Ce témoignage a été contredit
par les prévenus Fredy et Mastakila qui ont prétendu qu’ils se seraient
entretenus avec Patrick autour de la provenance de ces deux beignets. Et
c’est par-là que Patrick leur a dit que c’est Serge Muhima qui leur
envoie ces beignets.
Lorsque la même question a été
adressée au policier Mukambilwa Rachid, le second témoin, celui-ci a
abondé presque dans le même sens que le premier témoin sauf que, selon
Mukambilwa, Patrick avec ses beignets était distant d’un mètre de
prévenus Freddy et Mastakila mais aucun entretien n’a eu lieu avec leur
visiteur.
Signalons que le Tribunal
avait confié au Ministère Public la tâche de mener une enquête sur
l’arme qui a tiré sur Serge Maheshe et auprès de cabines
de communication de Celtel et Vodacom. Présentant son rapport, l’Organe
de la loi a signalé qu’il ne disposait pas de données de Vodacom sur les
appels émis et reçus par Alain et Serge Muhima étant donné que leur
machine avait été foudroyée. Il n’a eu que des données de la cabine de
Celtel.
S’agissant de l’arme qui a
tiré sur Serge Maheshe, l’Organe de la loi a jugé cette démarche sans
objet étant donné que les prévenus avaient déjà eux-mêmes montré l’arme
avec laquelle ils avaient opéré.
C’était une occasion pour les
avocats de la défense de prendre la parole et montré combien ce rapport
de l’organe du Ministère Public était incohérent et non fiable dans la
mesure où l’organe de la loi ne se fiait qu’aux aveux des prévenus pour
établir la culpabilité de ces derniers au lieu de pousser assez loin ses
investigations. Ces avocats ont alors demandé au Ministère public de
présenter devant le tribunal les deux douilles ramassées sur le lieu du
crime et de tirer une nouvelle balle en l’air à l’aide de l’arme
incriminée puis comparer la douille qui en sortira avec les trois
douilles. Cela permettra à la cour de savoir si réellement les douches
ramassées sur le lieu du crime venaient de l’arme susmentionnée.
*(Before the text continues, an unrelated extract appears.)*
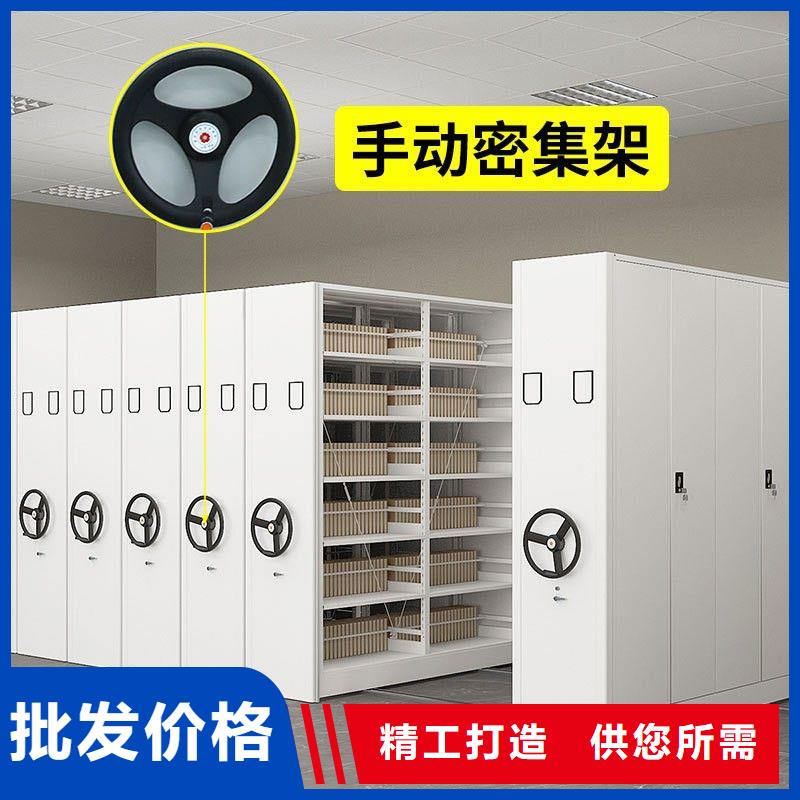 密集架智能密集柜本地配送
Vers la fin de l’audience, il
est ressorti que d’autres témoins parmi lesquels des civils et des
éléments de la garde présidentielle et un autre militaire des FARDC qui
aurait vendu l’arme aux prévenus Freddy et Mastakila soient également
entendus à la prochaine audience.
Pour cette journée, le procès
a été levée vers 17H05 et renvoyée au mercredi 08/08/2007 à 9H00.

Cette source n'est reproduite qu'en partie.